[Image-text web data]
· · · ·
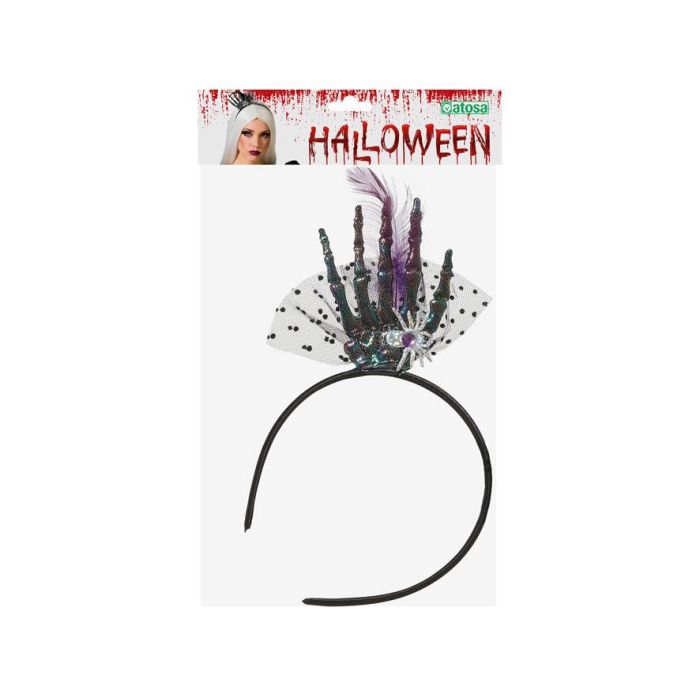 Diadema Halloween Tocado Mano Y Araña Mujer Adulto 1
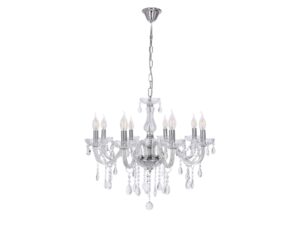 Miniaturka 3 - Lampa wisząca Zenetira chromowana ośmiopunktowa z przezroczystymi zawieszkami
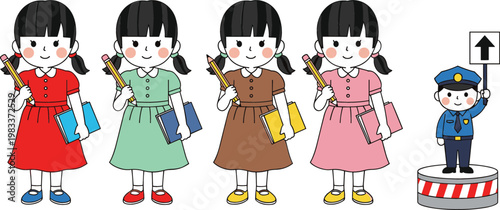 School girl characters holding pencils and books with traffic police officer cartoon vector illustration collection for education concept
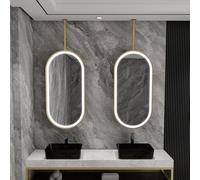 LFONDIGE Oval Ceiling Mounted Decorative Mirror, Hanging Mirror with Light, Living Room Washroom Vanity Make-up Mirrors, With Metal Frame and Ceiling Hanging Rod(40cmx60cm)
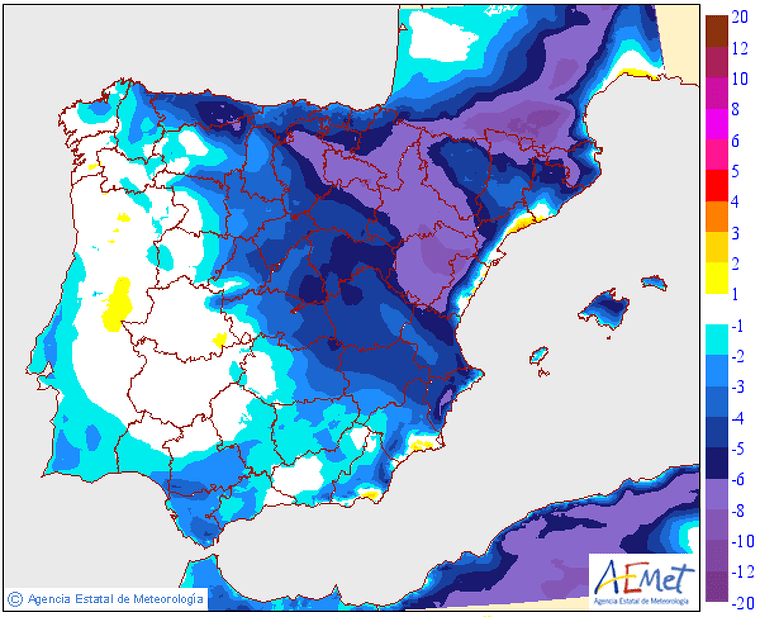 Variació de la temperatura mà xima prevista per aquest dimecres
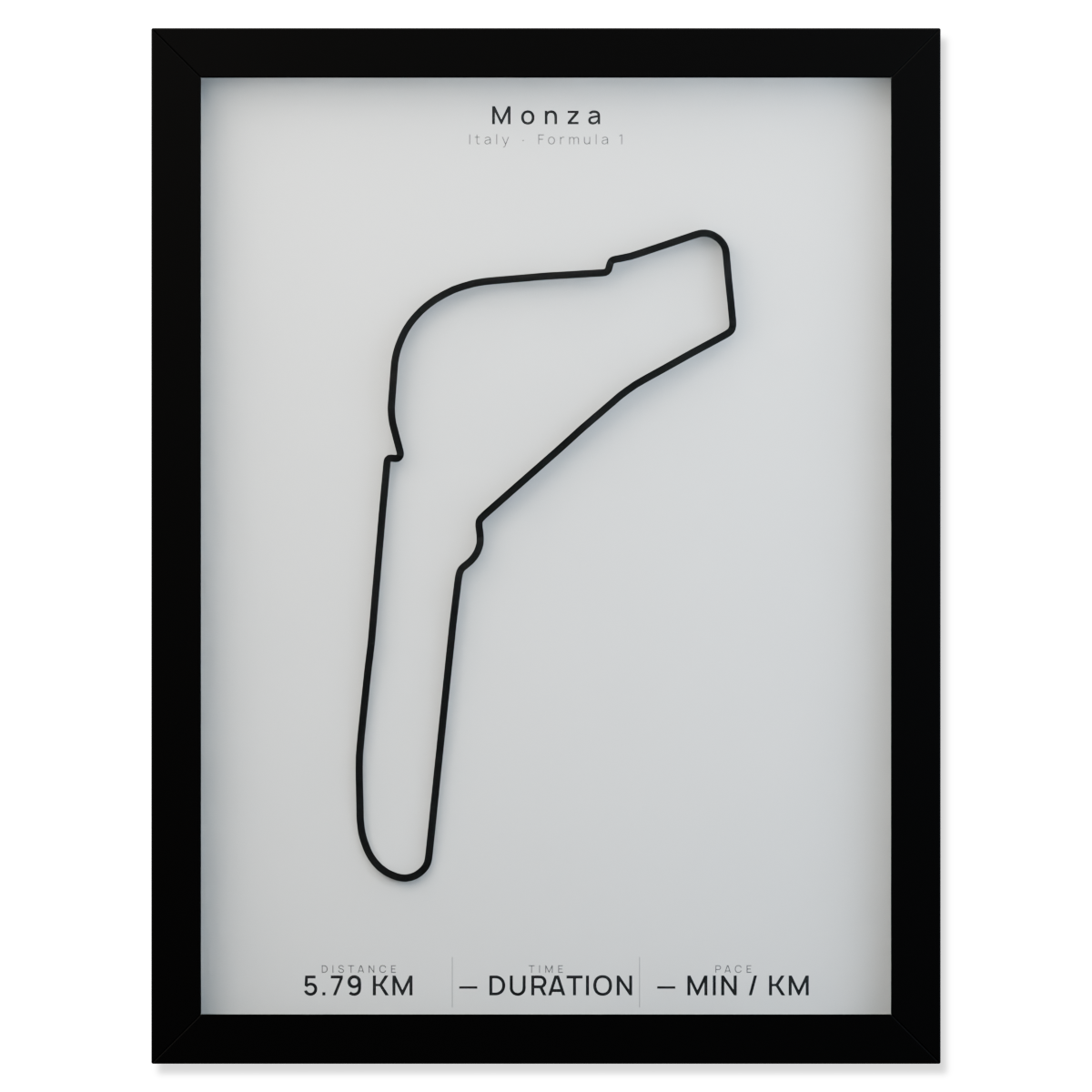 Monza framed route poster product cutout in Polar Linen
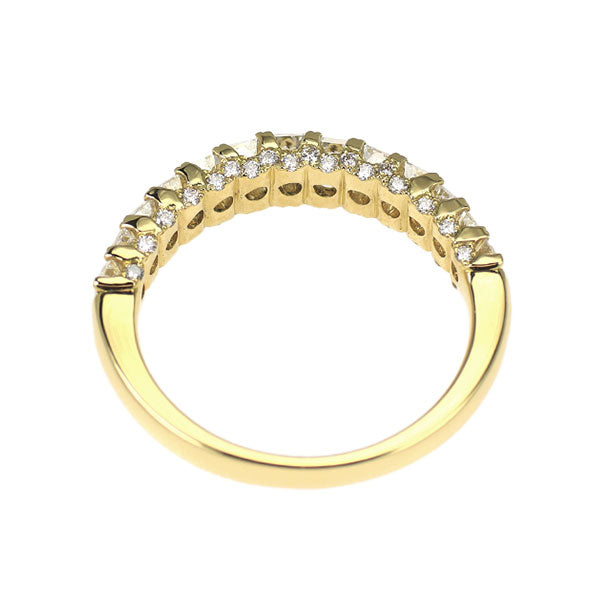 新品 K18YG エメラルドカット/ラウンド ダイヤモンド リング 1.50ct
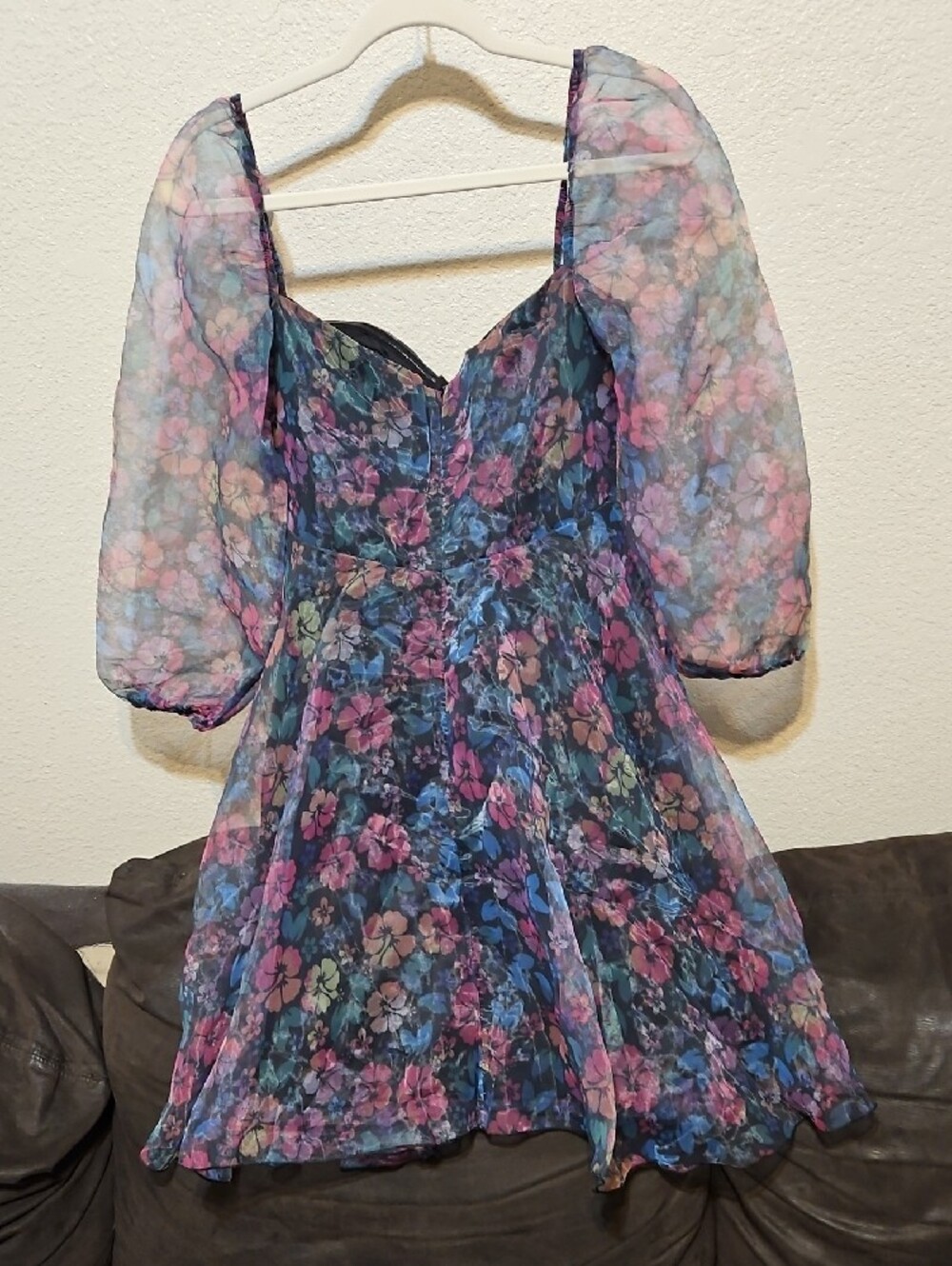 Sheer Floral Puff-Sleeve Mini Dress in Blue & Pink - Picture 4 of 9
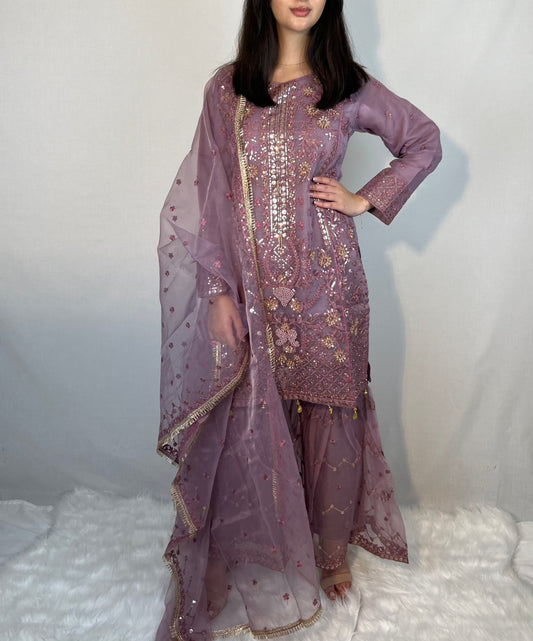 Dusky Lilac Embroidered Sharara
· · · ·
Exercise: Begin with the first line of the entries above and write out each line exactly, ending with the line containing "Miniaturka 3 - Lampa". Leave out pictures.

Answer below:
 Diadema Halloween Tocado Mano Y Araña Mujer Adulto 1
 Miniaturka 3 - Lampa wisząca Zenetira chromowana ośmiopunktowa z przezroczystymi zawieszkami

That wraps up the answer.